Bowman’s death in 1950 coincided with the opening of an era in which American Jews began to feel included and safe. Perhaps it’s why the honors bestowed on him were accepted for so long. (The bust was erected in 1954.) But the return of antisemitism — including on university campuses — is eroding that sense of security.
As antisemitic incidents have escalated, universities have responded with practical guides for reducing campus antisemitism. They’ve launched educational programs and research centers.
What’s missing is a commitment by universities to delve deeper into their own antisemitic pasts, to show that they are committed to not reliving the egregious episodes that characterized too much of 20th-century higher education. The effort cannot only be an academic exercise; action is necessary too.
Last September, we asked the Name Review Board at Johns Hopkins to remove Bowman’s bust and rename the road.
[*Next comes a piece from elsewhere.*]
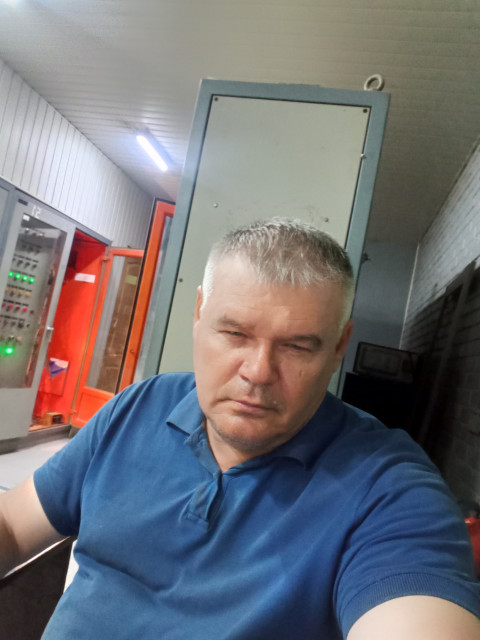 Сергей, Россия, Саратов, 56 лет, 1 ребенок. Познакомлюсь с женщиной для любви и серьезных отношений.  Анкета 863735.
Fifty distinguished scholars — historians, geographers, and others — have endorsed the effort. The ongoing decision process is complex; the university’s president will make the final decision.
Some view denamings and renamings as an affront to history. But there’s a distinction between history and monumentalization, as Caltech’s current president pointed out when Caltech withdrew honors from its founding president, Robert A. Millikan, a Nobel prize winner and eugenic racist. Venerating people like Bowman can no longer be tolerated, neither at universities nor elsewhere.